* Required work *
Take the listing below and output it exactly, with no images.

* Material provided *
▼
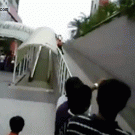 Returning shopping carts like a boss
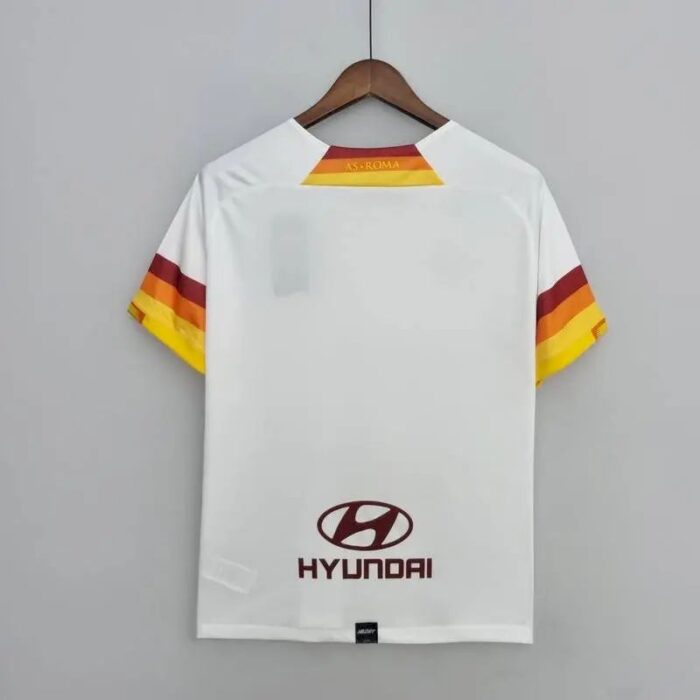 Mens AS Roma 2021/22 Away Jersey 7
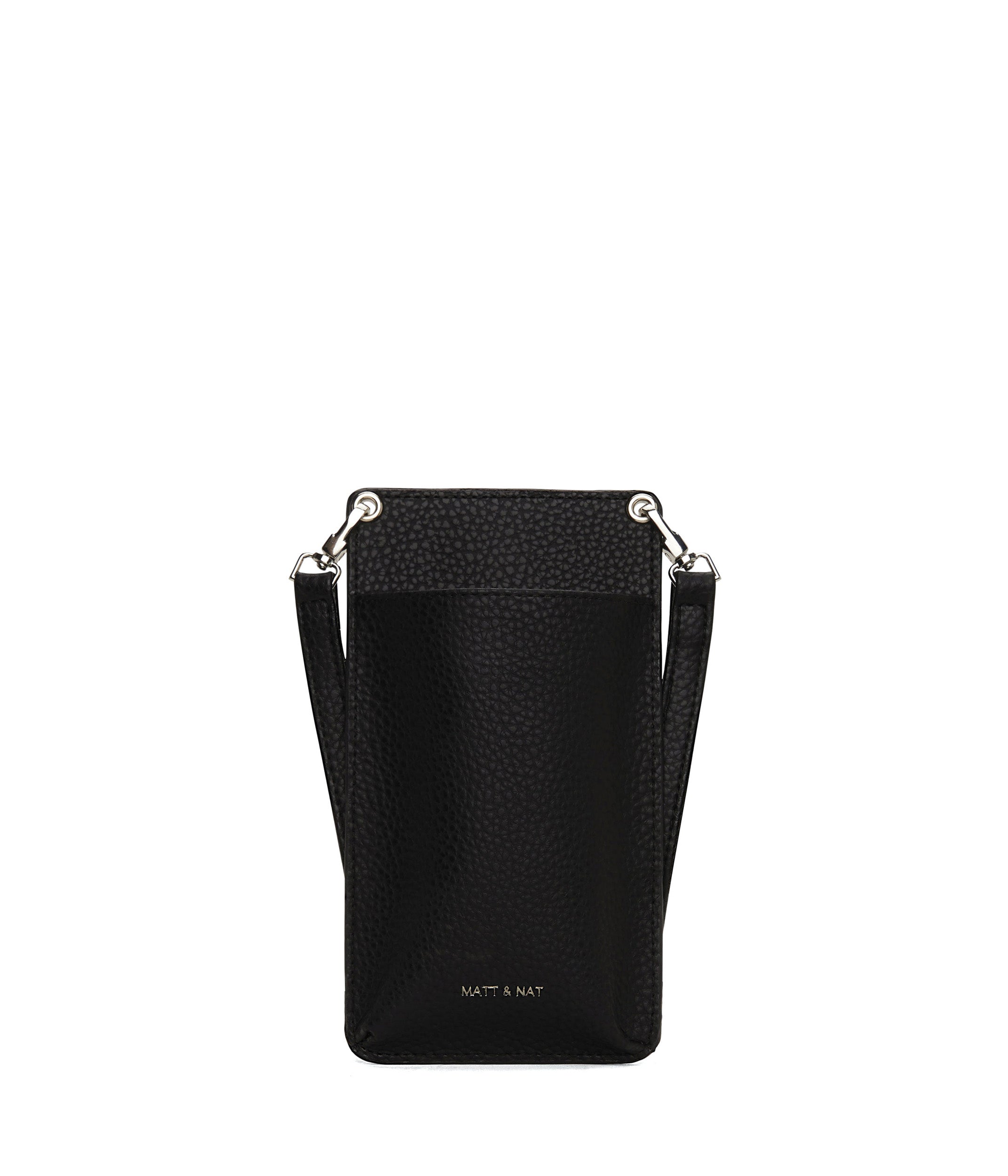 CUE Vegan Crossbody Phone Bag - Purity | Matt & Nat USA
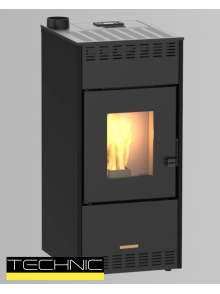 STUFA A PELLET WIESBERG - MARENI S 8 KW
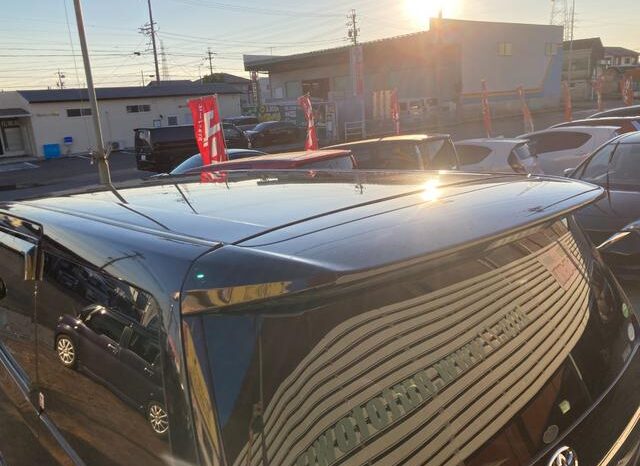 
								TOYOTA VELLFIRE 2012 full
▲
* Completed exercise *
 Returning shopping carts like a boss
 Mens AS Roma 2021/22 Away Jersey 7
 CUE Vegan Crossbody Phone Bag - Purity | Matt & Nat USA
 STUFA A PELLET WIESBERG - MARENI S 8 KW
								TOYOTA VELLFIRE 2012 full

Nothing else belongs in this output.